KAMENSKY: It’s a very surprising angle on the Revolution. Nobody knows that there was fighting in the Channel Islands. The battle took place when Britain’s war was nearly lost, in 1781. The war had been lost and the peace ratified by the time the painting was exhibited, in 1784. People even in London at the time had to be reminded about where Jersey was and why it was important. “Peirson” has that frisson of “What am I looking at?” because this is an American painter and the Redcoats are the heroes. It also has these two incredibly startling passages.
One at the very center of the painting is a black servant in a military-style livery, a dark navy jacket with white silk lapels and three colors of ostrich plumes in his hat, who is heroically firing his musket to avenge the death of our hero, Major Peirson. That dashing black figure in this gorgeous costume acting violently in a way that is heroic I think is quite singular, and was quite edgy at the time. It’s Copley’s way of winking with his London audience at the hypocrisy of the United States about black liberty. In addition he’s got his wife and children off in the corner of the painting, uniting these worlds of war and family in a way that really speaks not only to his biography, but to the fact that the American Revolution/Britain’s American War was a civil war with rupture-producing consequences not just for men in arms. … It’s worth spending a long time with that picture.
GAZETTE: “Watson and the Shark,” painted in London in the late 1770s, is widely considered Copley’s other masterpiece. Can you speak a bit to its significance?
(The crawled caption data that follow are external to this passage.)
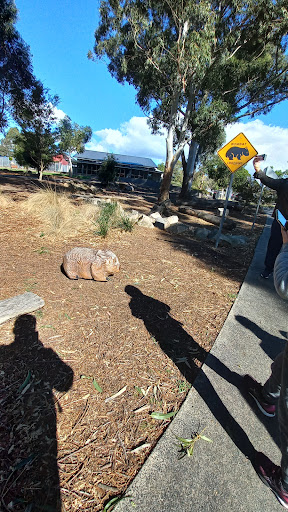 Jubilee Park Adventure Playground 20250824 030841 003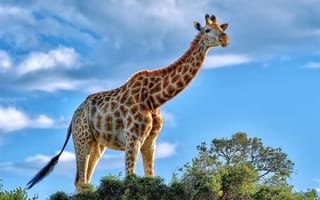 Картинка жираф, грация, шея, кустарник, Африка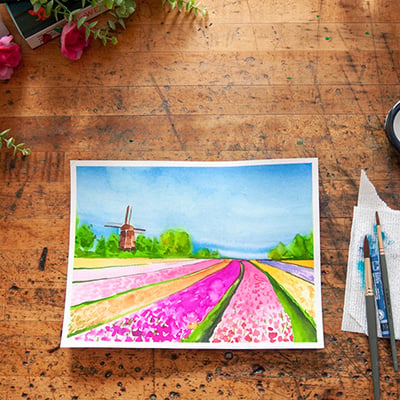 Tulip Fields 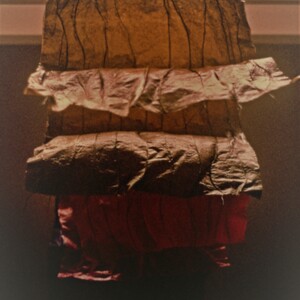 https://lynnbook.s3.amazonaws.com/flat_media/EarlyWorks_Sculpture_WiredSkins_photoslide02.jpg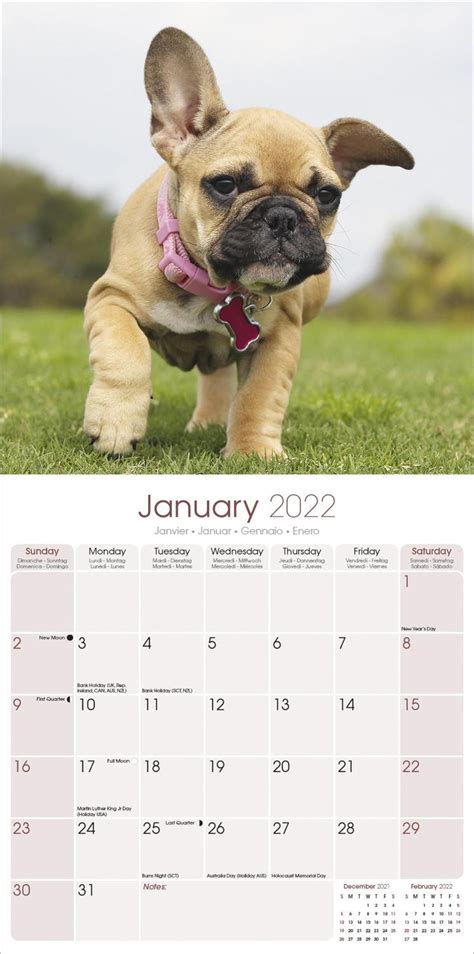 French Bulldog Calendar Dog Breed Calendars Pet Prints Inc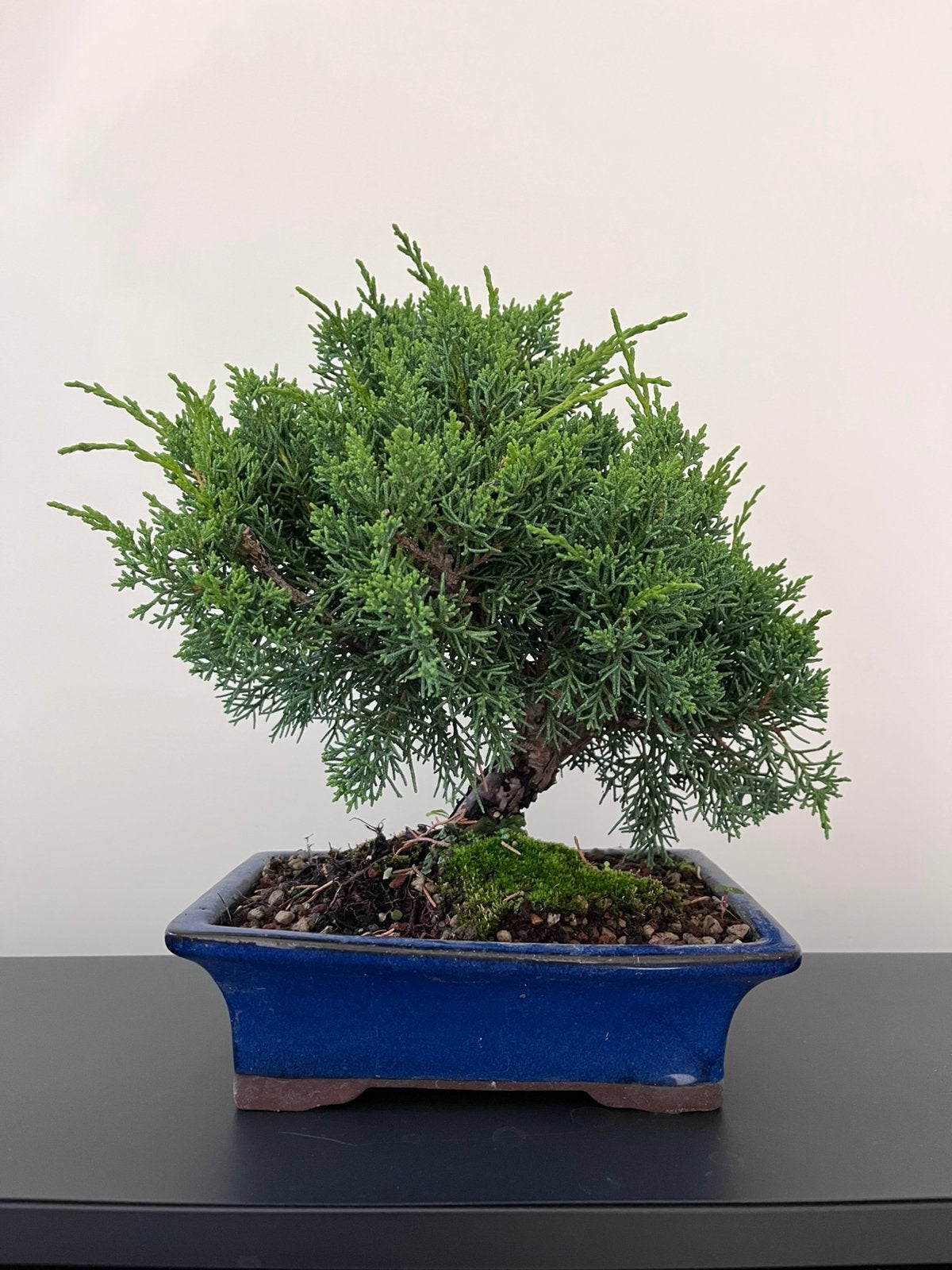 Juniperus Bonsai, Enlèvement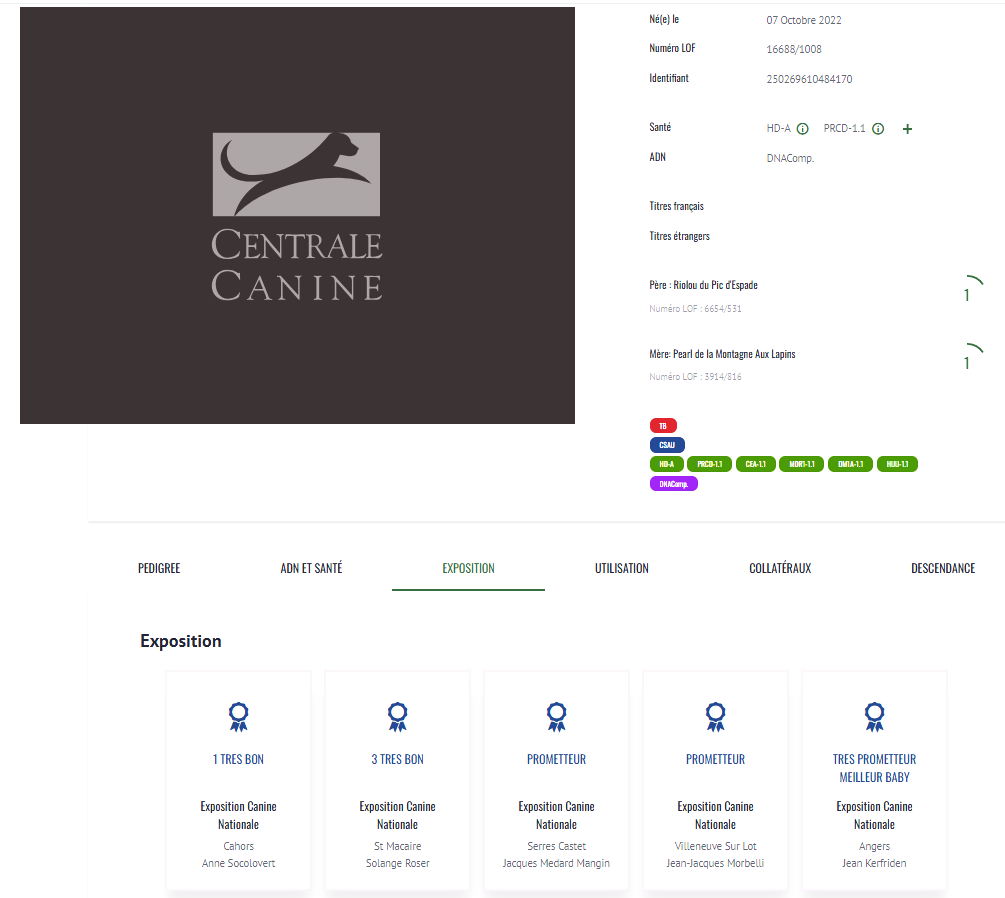 2 capture d ecran 575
KAMENSKY: It’s not the first painting that he exhibited after arriving in London but it was the first painting that he exhibited that created celebrity.
Brook Watson had been a merchant’s boy, probably a cabin boy at first and then an Atlantic coastal merchant, spending time in the waters of Havana where this happened to him in the 1740s. He was swimming and was flayed and nearly drowned. The incident allowed Copley to paint something that was incredibly suspenseful and that was exhibited at an incredible moment of national suspense about the fate of Britain.
It’s begun in 1777 exhibited in 1778, right at the moment that all of the London newspapers are talking about France entering the Revolutionary War. Spain was likely to come in next and as goes Spain so goes the fate of the English nation, because the weight of the French and Spanish navies together was almost undefeatable. So there’s a kind of hanging in the balance feeling around London, which turned out to be very fortuitous to Copley as he exhibited a painting set in Havana harbor, which England so briefly and meaningfully possessed at the end of the Seven Years’ War.
So there was a vision of a greater English nation, when Havana belonged to England, that people can see in the picture. And then just the sense of not knowing how the scene turned out. People were caught mid-gasp in the way that they were in the war and there’s a kind of chiming back and forth between being in suspended animation in that painting and where the national psyche was when he exhibited it in London.
GAZETTE: How do you think Copley would view his legacy?
KAMENSKY: Copley thought that North America would one day become a truly great and central part of Britain and he wanted to be one of the founding figures of that version of America’s reputation, so he’d be glad about that — though his America was a region, not a nation. I think the alignment with the Revolution would really surprise him and that he would find the association of his career with “Revere” to be just astonishing. I don’t know what he thought of that painting. I can’t think he would have put it in his top 250. It’s a well-finished piece. It’s highly theatrical. It’s also small and cheap and not somebody with whom he was densely associated. I think he would be amazed.